Scroll through the step by step photos to see how to make Overnight Rye Bread:
A timeline for making Overnight Rye Bread:
- Mix the dough the evening before baking day. Refrigerate the dough before going to bed.
- Take the dough out first thing in the morning and shape the loaf.
- Leave the loaf at room temperature to rise for 1 – 1 1/2 hours.
- You should have fresh bread by lunch time.
- The dough can be baked the same day the dough is made. The entire process, including cooling time, takes about 5-6 hours. To have bread ready for 12pm lunch, start before 7am.
- If you use rapid rise yeast your rising times will be quite a bit faster, possibly half the time. But remember, the longer rise creates a better tasting loaf.
If you love this rye bread recipe as much as I do, I’d really appreciate a 5-star review.
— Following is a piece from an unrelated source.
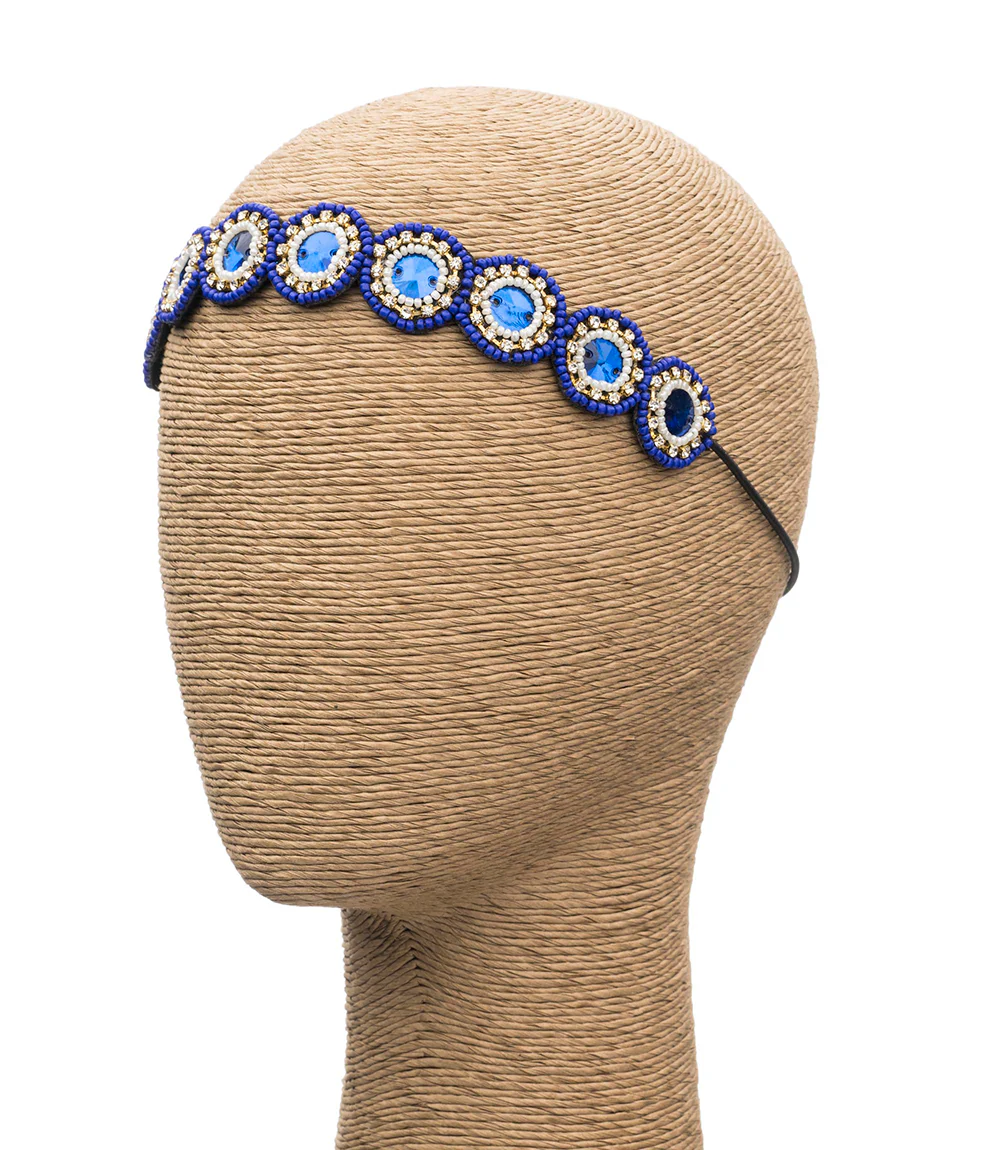 Amira Headband - Image 3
- 2 cups (16 oz, 480 ml) warm water
- 1 packet (2 1/tsp, 7g) teaspoon dry yeast (optional)
- 1 cup (5oz, 145g) stone ground rye flour
- 3 cups (15oz, 420g) bread flour
- 1 tablespoon honey
- 2 teaspoons table salt
- 2 tablespoons caraway seeds
- 1 egg white
- Combine the water, yeast, rye flour and 1 cup of the bread flour in a mixer bowl. Mix until a thick batter is formed. Cover the bowl and set aside for 30-60 minutes.
- If you're using a stand mixer, switch to the dough hook. Add the honey, salt and and remaining bread flour.
- The dough should begin to clear the bottom of the bowl and form a ball around the hook. If the dough is extremely sticky sprinkle in a few more tablespoons of bread flour.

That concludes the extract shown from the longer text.